Es sei richtig und wichtig, dass Außenhandelskonzepte des Landes regelmäßig überprüft würden, sagte Tobias Rausch (AfD). Ziel müsse es sein, nicht mehr von Lieferketten abhängig zu sein. Entsprechend wichtige Unternehmen müssten hier wieder angesiedelt werden. Die Anwerbung neuer Unternehmen und Fachkräfte sei zu begrüßen. Unklar sei, wer die im Antrag genannten „Wertepartner außerhalb der EU“ seien. Das zeige „Willkür und Scheinheiligkeit“ seitens der Koalition. Die AfD spreche sich für eine interessegeleitete statt für eine wertegeleitete Wirtschaftspolitik aus, so Rausch.
„Brauchen internationale Investoren“
„Wir müssen für uns und das Land schauen, wo die Märkte der Zukunft sind“, auch vor den Herausforderungen geopolitischer Veränderungen, erklärte Andreas Silbersack (FDP). Es brauche eine strategische Überarbeitung der Außenwirtschaft des Landes, mehr Diversifizierung müsse auf der Agenda stehen. „Wir brauchen internationale Investoren, die bereit sind, privates Geld nach Sachsen-Anhalt zu bringen.“ Sachsen-Anhalt habe im Jahr 2022 Waren im Wert von 30 Milliarden Euro exportiert und im Wert von 20 Milliarden Euro importiert.
Wertegeleitete Außenwirtschaft
Auch den Linken sei der Punkt 2 des Antrags besonders aufgefallen, sagte Wulf Gallert (DIE LINKE), denn zwar sei man im Gegensatz zur AfD für eine wertegeleitete Außenwirtschaft, aber über welche Werte rede man denn da? Von Wert könne beispielsweise nicht sein, die Lebensmittelproduktion in Südamerika zu unterstützen – für den Preis der vorherigen Abholzung des Regenwalds, kritisierte Gallert. „Wenn wir eine wertegeleitete Außenwirtschaft betreiben wollen, dann müssen wir die extremen Ungleichgewichte auch in unserer Verantwortung sehen und versuchen, diese abzubauen“, forderte der Linken-Abgeordnete.
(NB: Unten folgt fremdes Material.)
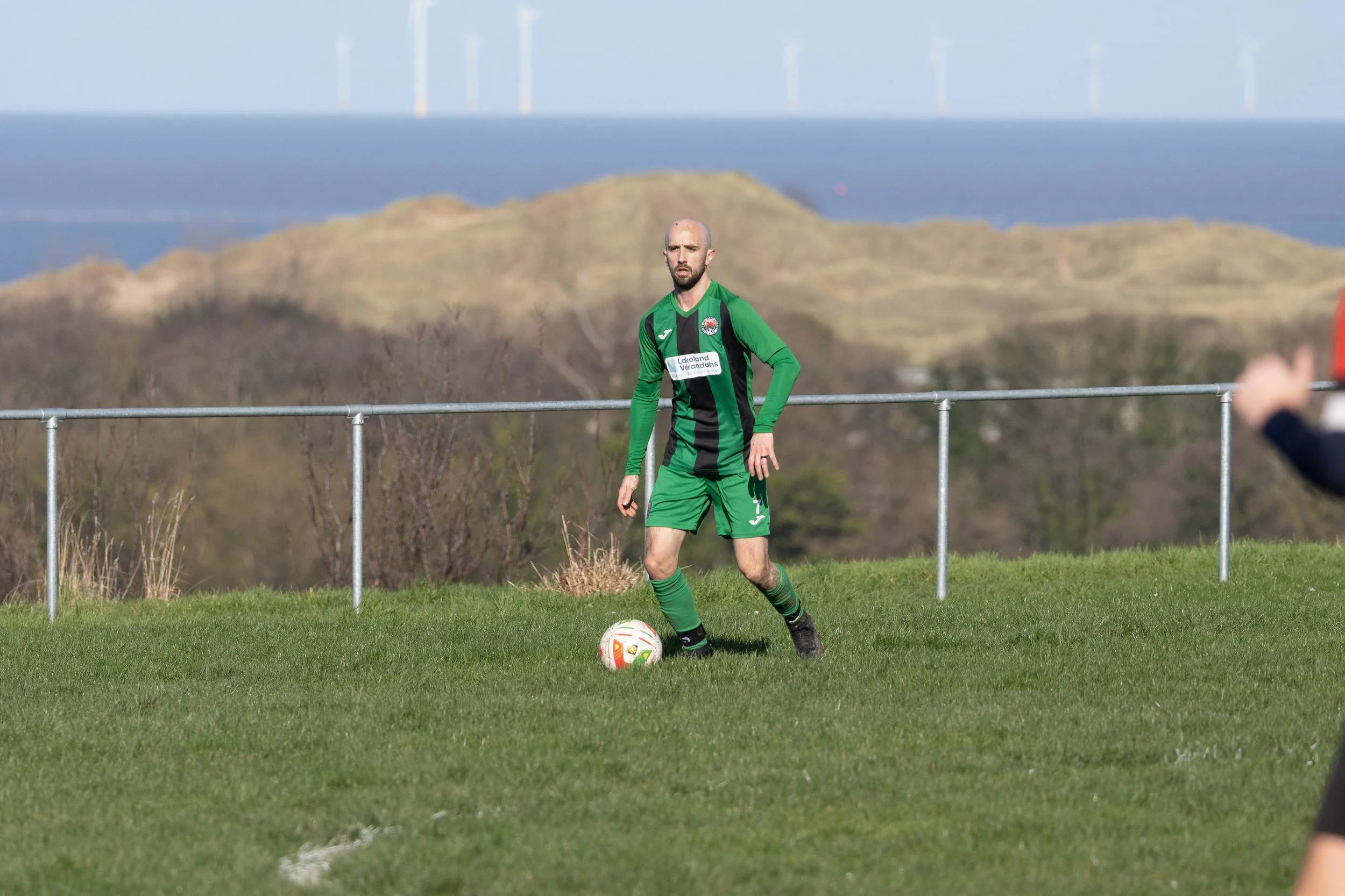 A soccer player in a green and black uniform standing on a grass field near a metal fence, with a landscape of hills and wind turbines in the background.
Wahnsinniger Transformationsprozess
Die Außenwirtschaft in Sachsen-Anhalt habe in den vergangenen Jahrzehnten einen wahnsinnigen Transformationsprozess hinlegen müssen, rekapitulierte Ulrich Thomas (CDU). Der Außenhandel sei ein wichtiger Faktor für die wirtschaftliche Stärke des Landes, hier müssten also die richtigen Rahmenbedingungen geschaffen werden. Das Konzept aus dem Jahr 2014 sei mittlerweile veraltet, neue Lösungsansätze müssten gefunden werden. Thomas warb für eine größere Unabhängigkeit von fremden Märkten, indem wieder mehr auf heimische Ressourcen gesetzt werde. Natürlich freue man sich über neue Investoren, aber auch die Bestandsunternehmen sollen in den Außenhandel eingebunden und deren Produkte auf andere Märkte getragen werden, betonte Thomas.
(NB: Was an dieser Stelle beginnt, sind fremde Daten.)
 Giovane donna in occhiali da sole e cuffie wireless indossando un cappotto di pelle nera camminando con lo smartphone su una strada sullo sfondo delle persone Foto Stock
Investitionsleitlinie anpassen
Das Außenwirtschaftskonzept sei veraltet, erkannte Olaf Meister (BÜNDNIS 90/DIE GRÜNEN). Man müsse bei der Novellierung die aktuellen Entwicklungen im Blick behalten, die Wirtschaft orientiere sich vermehrt auf Ressourcenschonung, Kreislaufwirtschaft und Klimaneutralität. Spätestens mit der Intel-Ansiedlung sollte auch die Investitionsleitlinie des Landes angepasst werden, empfahl Meister. Er warb für den Änderungsantrag der Grünen. Durch diesen sollte der Antrag der Koalition um einen Punkt – den Ausbau der Verfügbarkeit Erneuerbarer Energien als zentralen Standortvorteil Sachsen-Anhalts – ergänzt werden.
Im Anschluss an die Debatte wurde die Überweisung des Antrags in den Ausschuss für Wirtschaft und Tourismus abgelehnt. Der Änderungsantrag der Grünen wurde ebenfalls abgelehnt. Danach wurde der unveränderte Ursprungsantrag mit den Stimmen der Koalition angenommen.